Joel Colón-Ríos, Senior Lecturer, Victoria University of Wellington

I am deeply grateful for Zoran Oklopcic’s thoughtful and challenging review of Weak Constitutionalism. In this short note, my objective will be to respond to what I think are Oklopcic’s three main critiques about the argument presented in the book, namely: (1) that the desirability of weak constitutionalism depends, in the last instance, on empirical verification; (2) that there is a certain ambiguity in the distinction between fundamental and non-fundamental constitutional change; and (3) that the democratic potential of constituent power is weakened if not negated in contemporary societies. Each of these three criticisms challenge, in different ways, the central theoretical claim of the book: that in order to enjoy democratic legitimacy, a constitutional regime must facilitate the exercise of constituent power through participatory and open procedures. In this respect, a proper response to Oklopcic’s critique would require a full article, but I will attempt to outline the main elements of that response here.

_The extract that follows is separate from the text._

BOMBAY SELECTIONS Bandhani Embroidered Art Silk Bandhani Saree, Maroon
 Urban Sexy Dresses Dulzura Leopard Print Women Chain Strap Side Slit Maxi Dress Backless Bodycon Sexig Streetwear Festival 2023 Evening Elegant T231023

Oklopcic contrasts ‘weak constitutionalism’ to what he calls ‘strong democratic constitutionalism’. Unlike the former, strong democratic constitutionalism would perpetuate the principle of democratic openness through the entrenchment of “essential democratic rights”. I believe that Oklopcic has in mind a constitution that makes rights such as freedom of association, freedom of speech, and the right to vote, either very difficult or legally impossible to abolish. This rigidity could be achieved by a stringent amendment rule (like that present in the U.S. Constitution), or by an eternity clause (like that present in the German Basic Law as well as in numerous others national constitutions). Oklopcic maintains that both weak constitutionalism and strong democratic constitutionalism come accompanied by advantages and risks, and that the question of which approach is more risky or more advantageous requires empirical verification.

I think that Oklopcic is right on both points but that, even in the absence of strong evidence in favour or against one of these options, there are good normative and historical reasons for thinking that weak constitutionalism is a superior alternative. To begin with, there is the question of to who is the entrenchment of essential democratic rights directed. If the entrenchment takes the form of a stringent amendment rule or of an eternity clause directed at the ordinary institutions of government, then it would not only be entirely consistent with, but also recommended by, weak constitutionalism. That is to say, prohibiting the legislature and the executive (with or without the direct participation of the electorate in a constitutional referendum) from effecting certain changes does not run in any way contrary to weak constitutionalism’s insistence in a constitutional regime that facilitates the exercise of a -legally unlimited- constituent power.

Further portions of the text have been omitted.